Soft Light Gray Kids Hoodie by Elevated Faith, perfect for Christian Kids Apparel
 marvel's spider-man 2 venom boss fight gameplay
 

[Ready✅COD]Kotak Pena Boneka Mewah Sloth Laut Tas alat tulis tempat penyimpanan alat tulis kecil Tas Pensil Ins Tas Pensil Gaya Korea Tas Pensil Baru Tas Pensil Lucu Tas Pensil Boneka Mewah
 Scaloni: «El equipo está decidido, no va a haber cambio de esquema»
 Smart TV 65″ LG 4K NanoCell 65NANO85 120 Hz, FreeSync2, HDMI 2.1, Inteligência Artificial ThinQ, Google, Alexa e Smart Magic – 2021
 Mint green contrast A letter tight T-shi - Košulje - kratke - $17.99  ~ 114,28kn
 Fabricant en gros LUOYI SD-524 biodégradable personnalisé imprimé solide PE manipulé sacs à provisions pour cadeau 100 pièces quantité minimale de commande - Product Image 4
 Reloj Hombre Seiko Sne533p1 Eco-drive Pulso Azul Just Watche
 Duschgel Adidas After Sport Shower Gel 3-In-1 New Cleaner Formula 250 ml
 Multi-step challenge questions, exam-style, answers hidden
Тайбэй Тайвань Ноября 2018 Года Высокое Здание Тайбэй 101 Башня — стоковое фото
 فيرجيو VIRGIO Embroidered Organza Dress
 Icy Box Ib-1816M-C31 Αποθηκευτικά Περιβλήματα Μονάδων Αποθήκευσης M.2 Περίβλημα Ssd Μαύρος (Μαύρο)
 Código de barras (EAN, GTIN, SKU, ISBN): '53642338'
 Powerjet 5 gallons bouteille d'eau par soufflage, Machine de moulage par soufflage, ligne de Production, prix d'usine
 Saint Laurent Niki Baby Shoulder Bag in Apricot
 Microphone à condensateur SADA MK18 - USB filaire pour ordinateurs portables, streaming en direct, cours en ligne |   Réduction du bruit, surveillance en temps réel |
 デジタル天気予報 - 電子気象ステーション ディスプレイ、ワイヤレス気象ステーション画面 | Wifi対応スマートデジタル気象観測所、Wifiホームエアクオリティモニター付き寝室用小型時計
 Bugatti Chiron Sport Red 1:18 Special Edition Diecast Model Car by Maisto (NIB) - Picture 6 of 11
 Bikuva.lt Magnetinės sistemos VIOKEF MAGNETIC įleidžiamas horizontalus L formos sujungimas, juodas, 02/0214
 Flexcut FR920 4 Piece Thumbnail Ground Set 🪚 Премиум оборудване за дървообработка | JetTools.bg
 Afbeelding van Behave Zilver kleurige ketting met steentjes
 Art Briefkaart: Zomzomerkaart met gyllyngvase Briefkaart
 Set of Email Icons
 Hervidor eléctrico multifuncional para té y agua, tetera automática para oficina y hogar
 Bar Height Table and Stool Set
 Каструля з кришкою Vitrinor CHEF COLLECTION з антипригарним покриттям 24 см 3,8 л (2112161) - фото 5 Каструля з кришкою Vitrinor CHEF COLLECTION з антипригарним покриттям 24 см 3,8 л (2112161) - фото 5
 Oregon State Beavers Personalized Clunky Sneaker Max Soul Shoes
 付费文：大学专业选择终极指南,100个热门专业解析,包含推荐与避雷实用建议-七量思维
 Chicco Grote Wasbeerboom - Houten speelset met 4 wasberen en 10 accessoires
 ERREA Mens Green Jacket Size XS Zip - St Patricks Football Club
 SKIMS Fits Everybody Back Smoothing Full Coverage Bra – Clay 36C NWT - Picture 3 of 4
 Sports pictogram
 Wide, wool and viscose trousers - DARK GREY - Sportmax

---

■ **About this task**
Your task is to copy each line of the data above that holds "фото".

■ **Answer section**
Тайбэй Тайвань Ноября 2018 Года Высокое Здание Тайбэй 101 Башня — стоковое фото
 Каструля з кришкою Vitrinor CHEF COLLECTION з антипригарним покриттям 24 см 3,8 л (2112161) - фото 5 Каструля з кришкою Vitrinor CHEF COLLECTION з антипригарним покриттям 24 см 3,8 л (2112161) - фото 5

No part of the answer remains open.